(Records from a data collection)
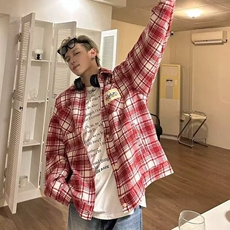 秋冬季美式复古格子衬衫男生秋冬款高街翻领长袖衬衣潮牌大码外套，男装衬衫，星座218-8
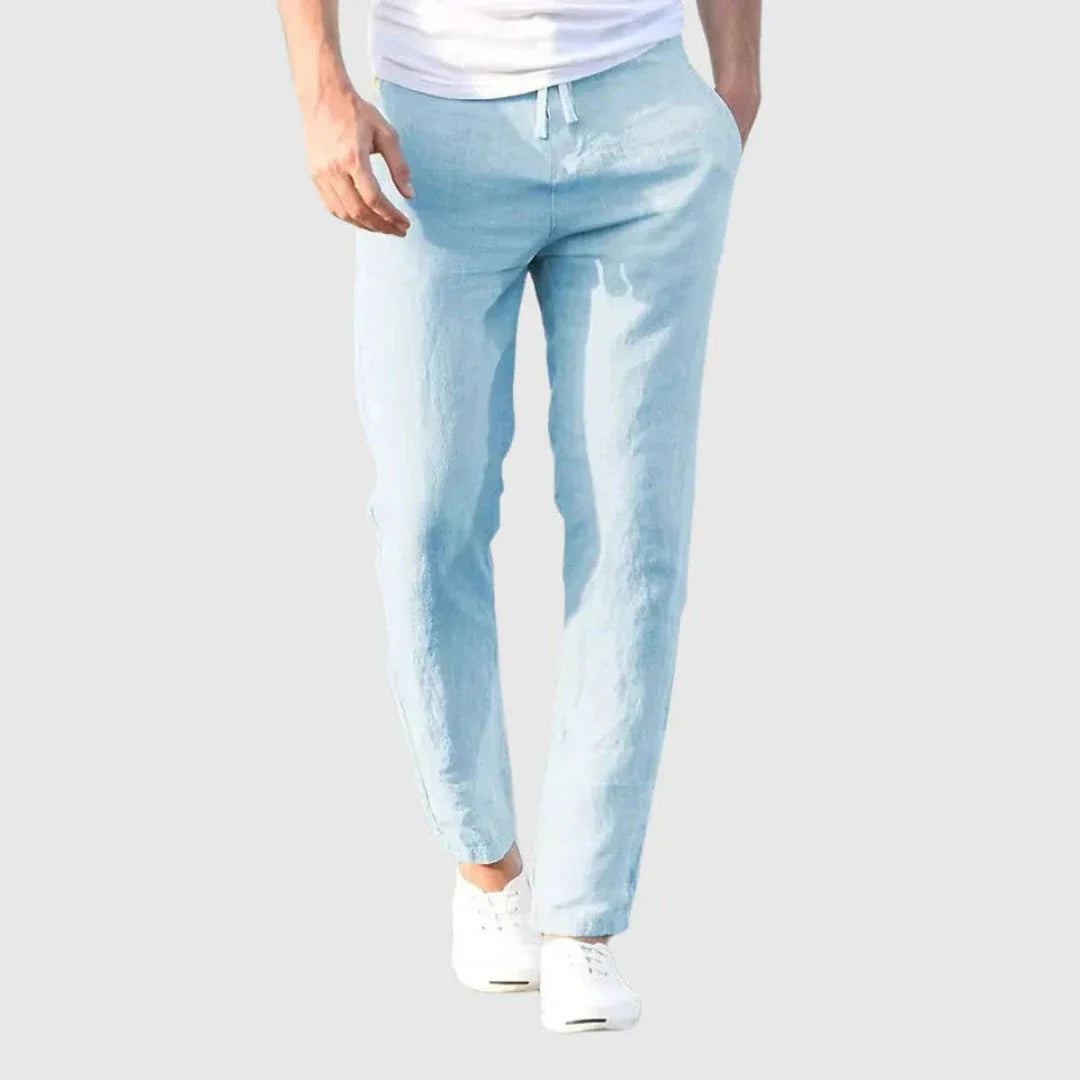 Paul linen-blend relaxed pants in neutral tone, straight-cut tapered leg with adjustable drawstring waist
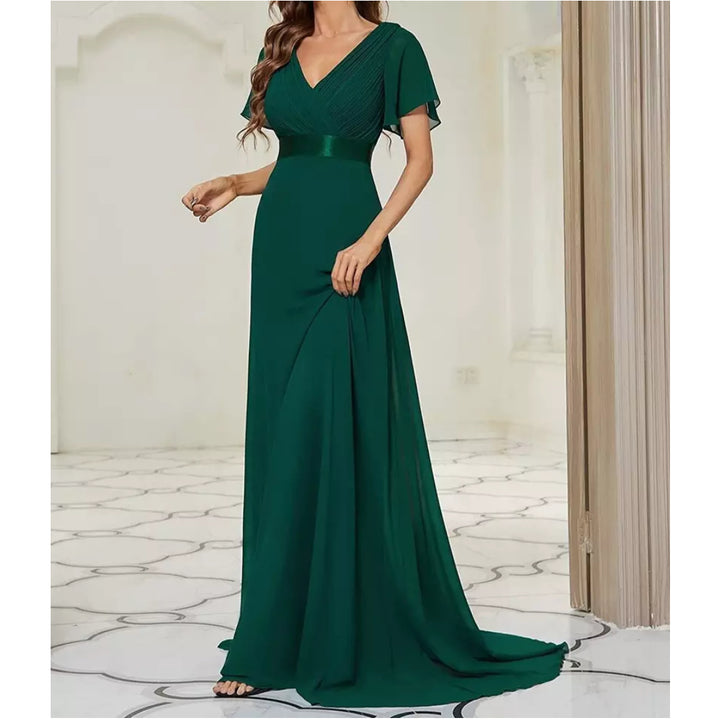 V Neck Short Sleeve Chiffon Long Dress - OneBag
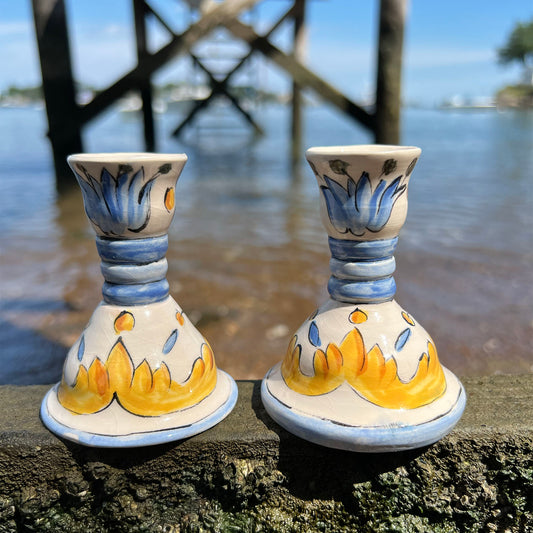 Blue/Yellow Candle Holder (2)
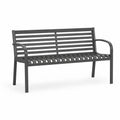 Gartenbank 2-Sitzer 120 cm x 60 cm x 80 cm Stahl pulverbeschichtet Dunkelgrau rechteckig mit Armlehnen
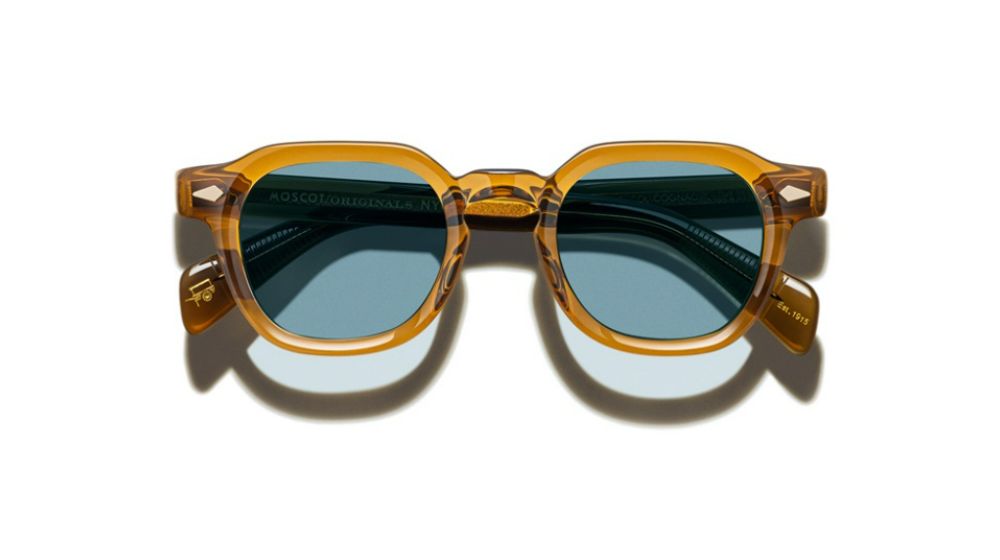 Óculos de sol Moscot Dolt cor Cognac Azul – foto 1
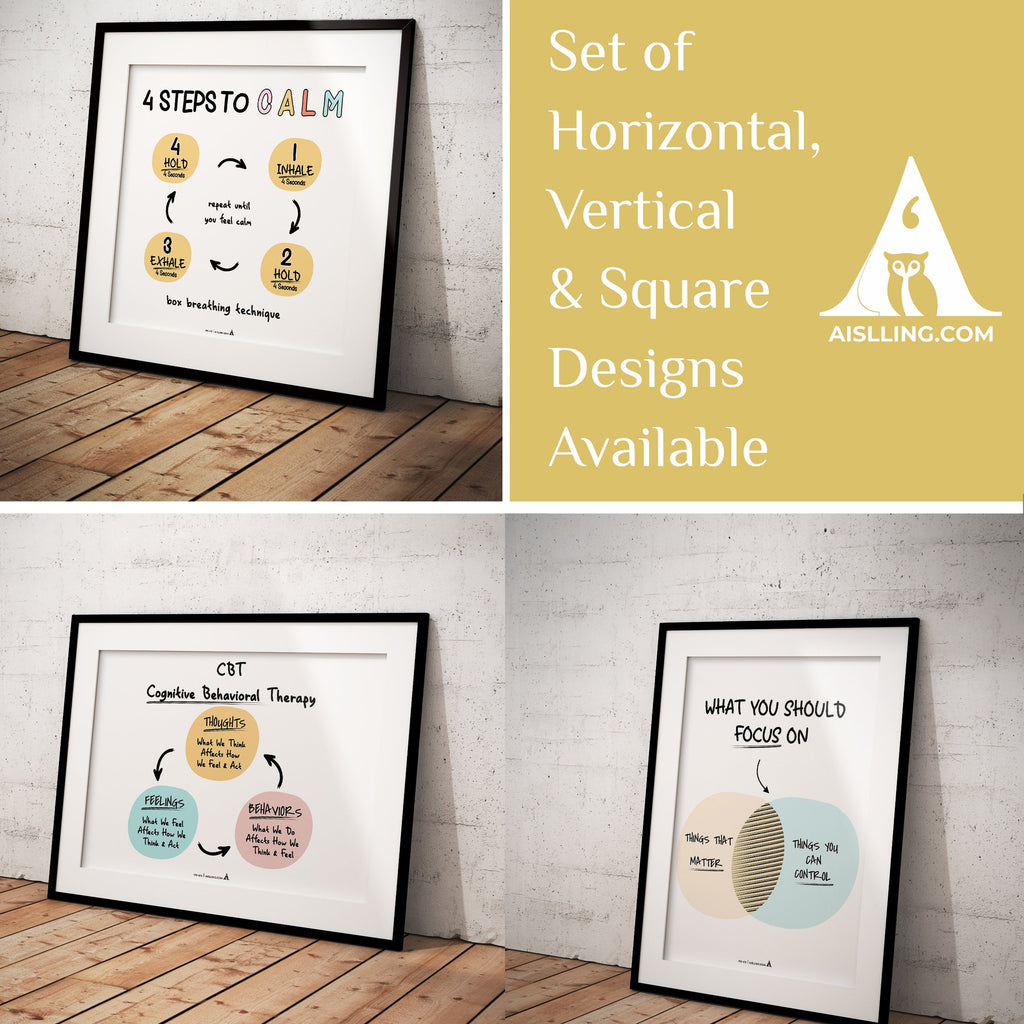 Act — Set of 6 Prints, Grateful Prints, POSTER/CARD, ADHD, Autism, coping skills, mental health, therapeuti... | Mindfulness printable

(Instructions to follow) Set the pictures aside and repeat only the lines from the one containing "Óculos de sol" through the last line of the entries above, exactly as they stand.

(Written response)
 Óculos de sol Moscot Dolt cor Cognac Azul – foto 1
 Act — Set of 6 Prints, Grateful Prints, POSTER/CARD, ADHD, Autism, coping skills, mental health, therapeuti... | Mindfulness printable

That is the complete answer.